Apologies for not being excessively explicit--I was referring only to the fact that given their caseload and decisions, the CAFC often appears as a rubber stamp court for patent litigation.
I was not speaking about establishing binding precedent. However, even on that note, your argument rings hollow--the FISC has established precedent that has very much become the prevailing understanding of "legal" where its cases are concerned. That's why we've arrived at the mess we're in. Whether the precedent is binding or not is debatable, as nobody I've yet heard of is quoting FISC decisions in other law enforcement actions/cases. But when we have every official from the President onward declaring that everything is "legal" because it has been reviewed and decided upon repeatedly over the last few decades by "the courts", I think trying to make a technical argument on the binding nature of the precedents established is misguided.
FISC precedent is not binding on any federal court but FISC itself. I have never seen a FISC opinion cited to support some point of law (and only one FISA Review Court opinion so cited: 310 F.3d 717), so I think it's ridiculous to say that "the FISC has established binding precedent that has very much become the prevailing understanding of 'legal' where its cases are concerned."

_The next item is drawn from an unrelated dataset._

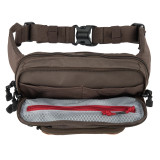 Vertx S.O.C.P. Tactical Fanny Pack, Cedar Brown, Zippered Compartment Open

FISC precedent is important in the sense that it guides FISC itself, and it guides grants of foreign intelligence warrants, but at the end of the day, if the government wants to use information collected pursuant to a FISC warrant to prosecute you, it has to do so in a regular U.S. District Court, and that court is not bound in any way by the FISC's interpretations of the law. In contrast, in a patent litigation, all the U.S. District Courts are absolutely bound by the Federal Circuit's precedent.

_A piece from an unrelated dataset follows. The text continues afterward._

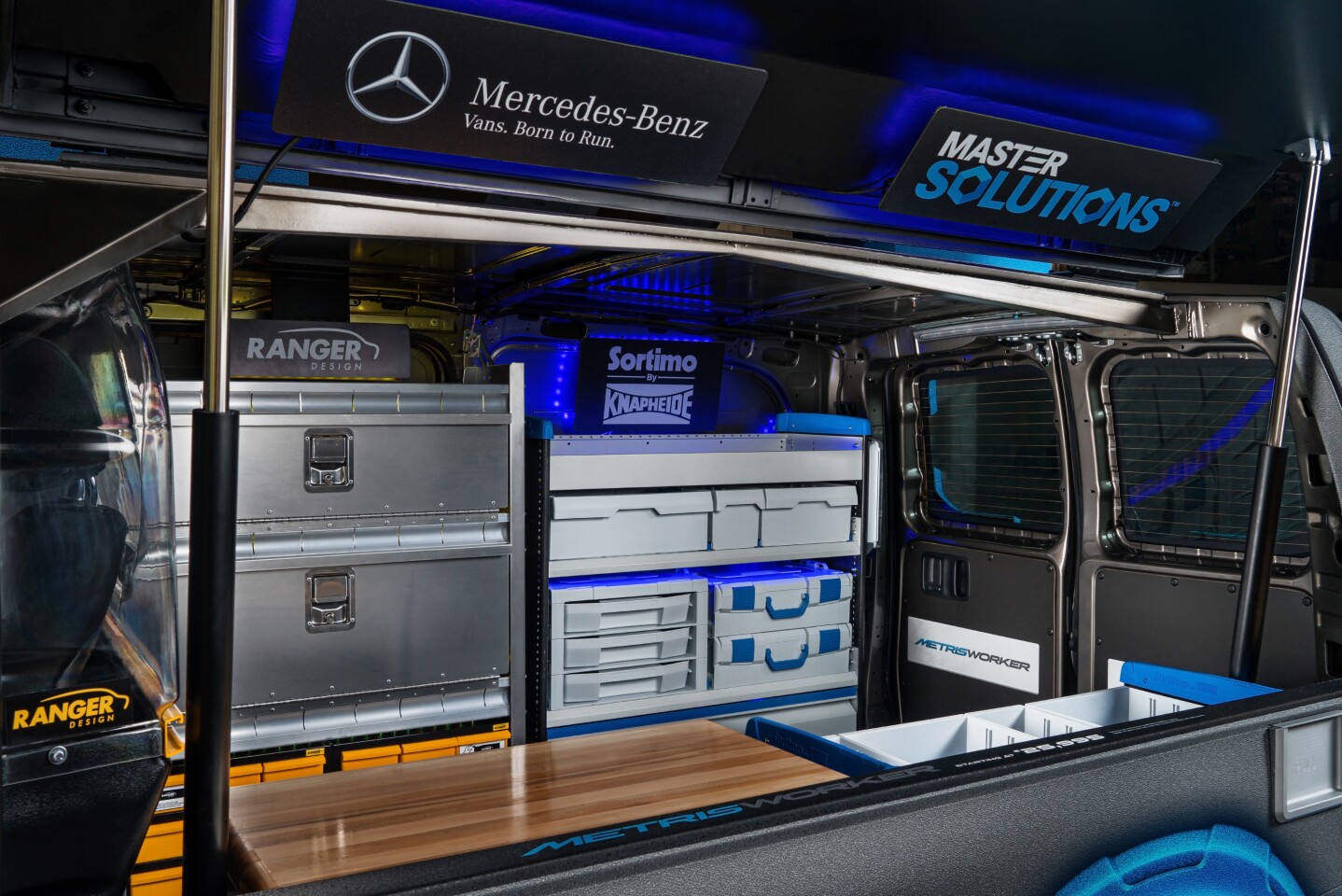 Work inside or out with the Mercedes Metris MasterSolutions Toolbox van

Are we talking past each other here, or are you just imagining a disagreement here and continuing to press a completely unrelated point?
You've said nothing materially different from me on the point that I made. You are pinpointing and continuing to dispute an off-hand comment about rubber-stamping with drawing upon the establishment of precedent and its binding nature on other courts, and again, I wasn't saying anything about that issue at all.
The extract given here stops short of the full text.